Screenshot of the Edge Properties dialogue window where users set the inputs and outputs of an edge. The input/output values are selected with drop-down select bars so users can only select input/output types that are available to the two nodes. Incompatible input/output types for an edge are not allowed by the GUI and the user is alerted to the error. The input/output lists for each node are set in the ProgramList.xml file that the server reads on startup.
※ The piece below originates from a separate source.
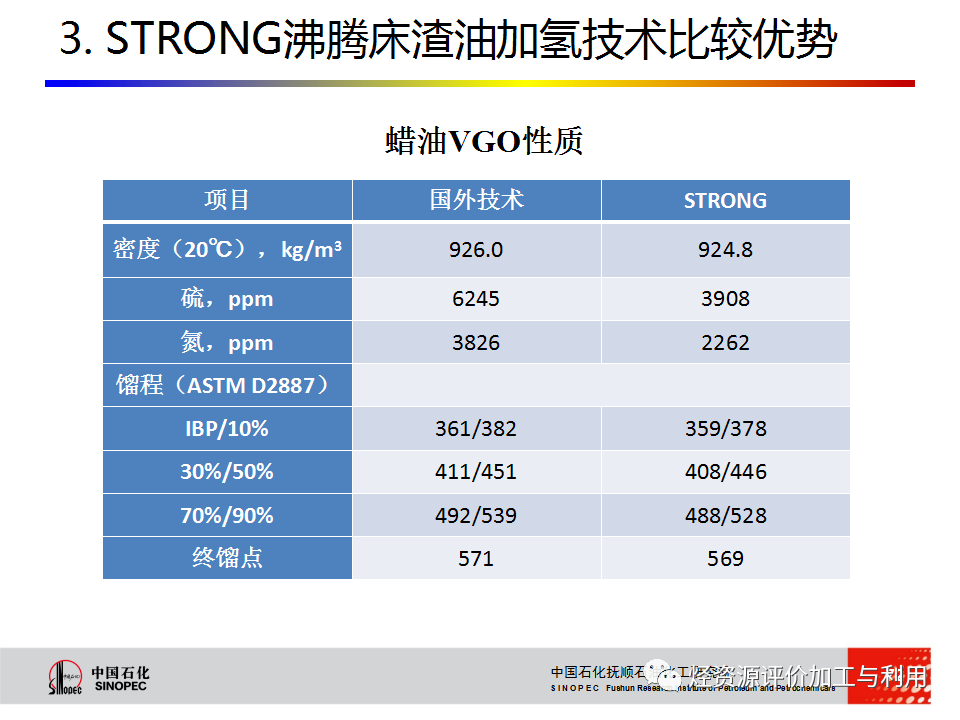 PPT│STRONG沸腾床渣油加氢技术的图71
When the user has finished creating the workflow, it can be saved as an XML file representing the DAG. This XML file stores all the parameters for the nodes and edges that have been set by the user during the creation of the DAG. This file can be kept on the local hard drive and retrieved for later modification or distribution, or sent to the server to be executed on the compute cluster. The saved DAG can also be sent to the server using the command-line Java client for high-throughput, or automated processing. When the processing is complete, the results are sent back to the GUI client to be saved as text files.

To ensure that the user's workflow is syntactically correct, the Pegasys client validates the workflow in real time. As the user draw nodes and edges, they are validated for correctness based on their requirements. For example, if a Program Node has a required parameter that is not filled in, the Pegasys client will display that node with a red 'X' beside it. Once this required parameter is filled in, the red 'X' will turn into a green tick mark, indicating the correctness of this node. Invalid edges are displayed in red, while correct ones are displayed in black. Typically, edges will be invalid if the 'output' and 'input' values of the edges are not set or do not match. If the workflow has a red edge or a node marked with a red 'X', the Pegasys client will not allow the user to send the workflow to the server and will output a warning to the 'Console' area.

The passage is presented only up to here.